Any idea which value is most reliable?
*Update: I see the meaning of iparm changed between 10.2 and 11.1. The result from 10.2 is probably wrong because of a bug and the result from 11.1 is in kB, not MB but is only for OOC mode so isn't appropriate.
Do you have a reference for the additional n*nrhs*2*16 bytes? Does that mean the total in-core memory requirement in both mkl 10.2.3 and 11.1 is approximately
1000 * max(iparm, iparm+iparm) + n*nrhs*32
I only have a few (typically 1-5) rhs's so I think it's ok to just estimate this part since it's much smaller than the memory used by the numerical factorization.
Results are not strange. I am confused by iparm in your last message. Iparm is used for In-core PARDISO. Am I right that you want to use OOC PARDISO without swapping files (using virtual memory)?
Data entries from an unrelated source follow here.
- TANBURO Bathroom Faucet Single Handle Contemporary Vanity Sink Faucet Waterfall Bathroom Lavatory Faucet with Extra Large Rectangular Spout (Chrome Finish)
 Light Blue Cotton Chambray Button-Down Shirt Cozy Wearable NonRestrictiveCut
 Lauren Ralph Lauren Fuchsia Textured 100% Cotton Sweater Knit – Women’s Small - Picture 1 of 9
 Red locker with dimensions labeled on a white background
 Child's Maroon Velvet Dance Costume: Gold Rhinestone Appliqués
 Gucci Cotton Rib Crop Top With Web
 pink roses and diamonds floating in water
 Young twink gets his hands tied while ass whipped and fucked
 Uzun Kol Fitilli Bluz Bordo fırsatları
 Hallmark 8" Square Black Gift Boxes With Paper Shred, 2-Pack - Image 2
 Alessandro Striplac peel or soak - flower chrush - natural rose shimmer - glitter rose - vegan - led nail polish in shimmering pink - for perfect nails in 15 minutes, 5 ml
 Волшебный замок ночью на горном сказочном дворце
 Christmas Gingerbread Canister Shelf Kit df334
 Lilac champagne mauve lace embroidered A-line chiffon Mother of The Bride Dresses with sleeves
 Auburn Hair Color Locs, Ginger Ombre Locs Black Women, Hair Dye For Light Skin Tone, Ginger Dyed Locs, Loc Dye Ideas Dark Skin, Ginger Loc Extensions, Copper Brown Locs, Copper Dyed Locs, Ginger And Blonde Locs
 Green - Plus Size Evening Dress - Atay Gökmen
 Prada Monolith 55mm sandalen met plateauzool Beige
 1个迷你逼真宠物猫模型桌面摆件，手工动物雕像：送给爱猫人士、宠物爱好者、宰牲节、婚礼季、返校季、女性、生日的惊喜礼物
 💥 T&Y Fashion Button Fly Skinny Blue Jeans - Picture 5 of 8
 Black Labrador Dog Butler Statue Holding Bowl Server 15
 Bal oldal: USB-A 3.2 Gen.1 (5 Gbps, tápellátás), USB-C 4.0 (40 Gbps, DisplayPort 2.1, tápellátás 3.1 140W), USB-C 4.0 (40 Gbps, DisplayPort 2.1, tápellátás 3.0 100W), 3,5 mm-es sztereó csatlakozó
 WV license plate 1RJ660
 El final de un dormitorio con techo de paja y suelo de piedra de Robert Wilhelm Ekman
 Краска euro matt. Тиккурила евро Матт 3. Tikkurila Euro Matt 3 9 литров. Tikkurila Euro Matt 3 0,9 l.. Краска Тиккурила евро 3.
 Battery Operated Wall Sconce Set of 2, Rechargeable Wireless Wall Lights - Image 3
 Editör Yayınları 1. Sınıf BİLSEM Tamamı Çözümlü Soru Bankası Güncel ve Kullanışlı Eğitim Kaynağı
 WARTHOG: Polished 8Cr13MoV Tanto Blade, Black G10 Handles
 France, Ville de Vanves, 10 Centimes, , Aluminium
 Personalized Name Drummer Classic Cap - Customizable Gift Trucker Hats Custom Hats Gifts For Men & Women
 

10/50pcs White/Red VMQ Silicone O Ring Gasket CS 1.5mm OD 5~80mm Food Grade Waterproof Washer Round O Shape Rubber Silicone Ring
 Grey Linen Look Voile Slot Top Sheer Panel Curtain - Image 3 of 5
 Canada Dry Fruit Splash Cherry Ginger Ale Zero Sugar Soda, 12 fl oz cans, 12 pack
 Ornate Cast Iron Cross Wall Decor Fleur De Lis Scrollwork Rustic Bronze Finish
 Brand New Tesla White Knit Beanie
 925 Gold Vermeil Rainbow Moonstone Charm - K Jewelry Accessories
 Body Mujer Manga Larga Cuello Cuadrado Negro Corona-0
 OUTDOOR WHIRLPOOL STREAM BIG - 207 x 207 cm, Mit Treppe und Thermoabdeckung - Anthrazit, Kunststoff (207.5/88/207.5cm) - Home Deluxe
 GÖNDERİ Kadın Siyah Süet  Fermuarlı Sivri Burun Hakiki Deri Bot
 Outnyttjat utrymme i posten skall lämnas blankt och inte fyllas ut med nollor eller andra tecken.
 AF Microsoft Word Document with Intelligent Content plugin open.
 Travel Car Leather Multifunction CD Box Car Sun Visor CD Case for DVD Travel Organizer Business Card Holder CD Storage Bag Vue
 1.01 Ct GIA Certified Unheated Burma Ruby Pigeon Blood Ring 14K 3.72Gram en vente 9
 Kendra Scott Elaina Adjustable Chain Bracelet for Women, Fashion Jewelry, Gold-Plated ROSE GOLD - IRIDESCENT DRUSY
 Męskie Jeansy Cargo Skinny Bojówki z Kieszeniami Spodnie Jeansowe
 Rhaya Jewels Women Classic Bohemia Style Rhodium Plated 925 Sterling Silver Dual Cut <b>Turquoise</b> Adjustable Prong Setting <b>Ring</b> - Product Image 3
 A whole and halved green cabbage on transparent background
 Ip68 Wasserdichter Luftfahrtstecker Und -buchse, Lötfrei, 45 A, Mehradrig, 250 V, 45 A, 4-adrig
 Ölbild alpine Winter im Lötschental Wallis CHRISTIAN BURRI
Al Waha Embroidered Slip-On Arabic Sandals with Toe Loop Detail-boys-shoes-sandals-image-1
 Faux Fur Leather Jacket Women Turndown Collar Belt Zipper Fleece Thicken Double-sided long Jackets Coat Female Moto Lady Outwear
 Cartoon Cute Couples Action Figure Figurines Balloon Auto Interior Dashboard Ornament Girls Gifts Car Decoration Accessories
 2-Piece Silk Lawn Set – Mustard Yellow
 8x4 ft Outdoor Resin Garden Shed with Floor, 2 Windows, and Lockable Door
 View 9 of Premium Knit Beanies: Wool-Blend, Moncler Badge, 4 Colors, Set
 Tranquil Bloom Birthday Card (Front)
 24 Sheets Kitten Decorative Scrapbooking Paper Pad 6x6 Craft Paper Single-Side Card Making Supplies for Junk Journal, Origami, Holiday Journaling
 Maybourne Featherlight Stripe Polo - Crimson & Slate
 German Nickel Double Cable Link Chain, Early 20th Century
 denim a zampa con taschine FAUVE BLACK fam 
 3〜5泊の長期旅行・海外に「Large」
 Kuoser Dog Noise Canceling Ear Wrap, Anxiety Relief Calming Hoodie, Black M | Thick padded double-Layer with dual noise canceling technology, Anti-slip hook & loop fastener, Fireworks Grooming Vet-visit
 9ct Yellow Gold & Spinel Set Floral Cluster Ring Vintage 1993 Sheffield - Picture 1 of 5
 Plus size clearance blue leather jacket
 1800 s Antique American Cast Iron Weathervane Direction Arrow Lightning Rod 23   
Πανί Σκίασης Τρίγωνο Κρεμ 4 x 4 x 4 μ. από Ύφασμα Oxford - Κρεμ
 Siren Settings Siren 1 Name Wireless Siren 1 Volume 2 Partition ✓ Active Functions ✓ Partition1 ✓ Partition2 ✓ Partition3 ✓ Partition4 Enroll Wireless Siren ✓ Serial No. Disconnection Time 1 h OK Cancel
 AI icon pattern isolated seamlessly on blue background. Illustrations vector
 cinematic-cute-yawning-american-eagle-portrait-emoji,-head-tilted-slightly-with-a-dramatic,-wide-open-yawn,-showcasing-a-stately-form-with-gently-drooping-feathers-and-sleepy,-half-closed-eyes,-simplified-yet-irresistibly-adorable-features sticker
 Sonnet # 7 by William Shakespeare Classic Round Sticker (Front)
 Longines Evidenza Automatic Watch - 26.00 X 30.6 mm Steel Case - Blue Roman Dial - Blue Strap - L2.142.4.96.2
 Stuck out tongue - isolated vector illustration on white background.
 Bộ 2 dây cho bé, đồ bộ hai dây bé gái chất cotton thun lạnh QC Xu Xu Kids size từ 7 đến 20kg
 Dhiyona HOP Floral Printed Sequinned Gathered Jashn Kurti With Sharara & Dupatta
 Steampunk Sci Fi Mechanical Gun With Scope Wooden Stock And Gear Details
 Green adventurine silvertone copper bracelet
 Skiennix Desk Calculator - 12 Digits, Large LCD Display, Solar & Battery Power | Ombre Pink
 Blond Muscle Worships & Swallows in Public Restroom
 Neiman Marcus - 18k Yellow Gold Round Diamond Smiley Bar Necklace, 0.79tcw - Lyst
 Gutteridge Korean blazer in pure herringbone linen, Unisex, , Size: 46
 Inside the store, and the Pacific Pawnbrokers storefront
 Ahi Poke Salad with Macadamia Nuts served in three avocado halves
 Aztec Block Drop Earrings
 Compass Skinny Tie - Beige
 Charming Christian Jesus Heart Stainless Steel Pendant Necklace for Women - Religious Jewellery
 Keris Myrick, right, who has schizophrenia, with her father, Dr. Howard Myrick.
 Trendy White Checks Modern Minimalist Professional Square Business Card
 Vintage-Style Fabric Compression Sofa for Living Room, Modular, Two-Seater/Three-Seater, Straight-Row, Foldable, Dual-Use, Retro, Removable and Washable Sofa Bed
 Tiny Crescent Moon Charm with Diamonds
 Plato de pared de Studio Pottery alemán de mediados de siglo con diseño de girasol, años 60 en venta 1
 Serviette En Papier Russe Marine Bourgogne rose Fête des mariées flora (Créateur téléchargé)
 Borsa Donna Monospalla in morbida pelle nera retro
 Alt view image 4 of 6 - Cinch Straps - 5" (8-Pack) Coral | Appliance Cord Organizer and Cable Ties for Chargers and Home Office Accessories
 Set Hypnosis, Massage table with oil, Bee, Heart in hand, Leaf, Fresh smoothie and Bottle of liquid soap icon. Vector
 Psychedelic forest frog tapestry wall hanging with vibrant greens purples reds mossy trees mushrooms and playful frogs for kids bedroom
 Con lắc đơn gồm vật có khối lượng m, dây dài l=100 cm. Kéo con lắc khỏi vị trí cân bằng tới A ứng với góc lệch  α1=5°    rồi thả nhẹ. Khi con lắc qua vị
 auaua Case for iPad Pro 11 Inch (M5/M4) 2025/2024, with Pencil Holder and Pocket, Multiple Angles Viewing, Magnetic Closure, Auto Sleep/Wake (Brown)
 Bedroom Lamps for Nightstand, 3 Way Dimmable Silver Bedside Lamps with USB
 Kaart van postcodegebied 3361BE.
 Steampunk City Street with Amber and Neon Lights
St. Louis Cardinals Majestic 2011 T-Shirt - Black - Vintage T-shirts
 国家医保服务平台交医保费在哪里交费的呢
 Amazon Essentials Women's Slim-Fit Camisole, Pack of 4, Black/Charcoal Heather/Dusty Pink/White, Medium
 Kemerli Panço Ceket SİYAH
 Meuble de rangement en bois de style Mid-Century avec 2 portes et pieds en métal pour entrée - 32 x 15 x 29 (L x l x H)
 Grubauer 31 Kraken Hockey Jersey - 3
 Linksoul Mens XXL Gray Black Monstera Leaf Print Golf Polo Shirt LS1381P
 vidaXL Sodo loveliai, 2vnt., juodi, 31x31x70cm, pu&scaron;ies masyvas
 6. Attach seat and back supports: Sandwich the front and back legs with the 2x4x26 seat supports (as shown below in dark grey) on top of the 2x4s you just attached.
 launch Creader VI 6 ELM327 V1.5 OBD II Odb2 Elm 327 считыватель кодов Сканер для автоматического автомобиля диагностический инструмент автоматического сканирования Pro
Let’s talk about MKL 11.1 because MKL 10.2.3 is quite old version.
1) Just in case, if you use zero based indexing (C/C++) iparm(k) should be iparm[k-1].
2) If iparm(63) = 8920, it means that OOC PARDISO needs minimum 9 MB of RAM on numerical factorization and solution phases, that is OOC_MAX_CORE_SIZE should be more than 9 at least.
3) 1024 * max(iparm(15), iparm(16) + iparm(63)) + n*nrhs*32 is the minimum size of needed RAM in bytes for OOC PARDISO
4) 1024 * max(iparm(15), iparm(16)+iparm(17)) + n*nrhs*32 is the total peak of used memory in bytes for In-core PARDISO.
5) There is no reference about n*nrhs*32. It is not documented.
6) You did not write about iparm(16), iparm (15) and OOC_MAX_CORE_SIZE.
I can say only that if you have less than 2,4 GB available (free) RAM, but OOC_MAX_CORE_SIZE is more than 2400 and OOC PARDISO is used then swapping files will be happened.
If you use In-core PARDISO and available RAM is less than 2,4 GB then swapping files will be happened irrespective of the any value of OOC_MAX_CORE_SIZE.
I think I've got it worked out now. I just want the "best" or even "reasonable" performance. That means it should use IC if there's enough RAM and OOC if there isn't.
I'm using your step 4 to decide if there's enough RAM for in-core, then calling pardiso with iparm(60)=0 or 2 accordingly. I don't use iparm(60)=1 at all because I can't get it to work for different reasons in each version of MKL. It's easier to just have my sofware make the decision.
iparm(15) and (16) give relatively small numbers so I'm not too worried about them.